A panoply of ostentatious fabrics, from giant houndstooth designs in all-over sequins to lurex jacquard motifs, paraded down the runway on bustier dresses and tuxedos to a soundtrack of French classics from artists like Charles Aznavour and Edith Piaf.
Flowing silk and georgette and crepe halter-neck dresses in black, red or regal purple were regularly punctuated at the waist with diamanté cummerbunds or paired with felt fedoras and ankle boots.
In a less dressed up register, there were wide-hipped leather pants and some fun dungarees, their workwear shape providing a quirky contrast when worked in shimmering black velvet or as a black leather playsuit.
This was all topped off by a multiplicity of fake-fur coats in an array of hues from deep purple to yellow and even in a giant houndstooth pattern.
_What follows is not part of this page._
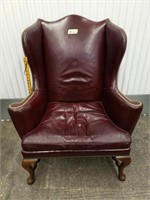 KITTINGER LEATHER WINGBACK CHAIR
Moratti said the fall collection was put together in just four weeks since pre-fall was presented in January, and that he is planning to focus on doing just four collections a year— two ready-to-wear, two couture — and skip the more commercial pre-collections from now on.
“I believe that creativity should have space, that quality needs time to develop. I think that’s more beneficial for the brand,” he explained. He may have a point. Redemption’s development into the glammed-up street look of recent seasons made sense and fit with the vibe of the moment, while this season’s more literal lineup felt like something of a step backward.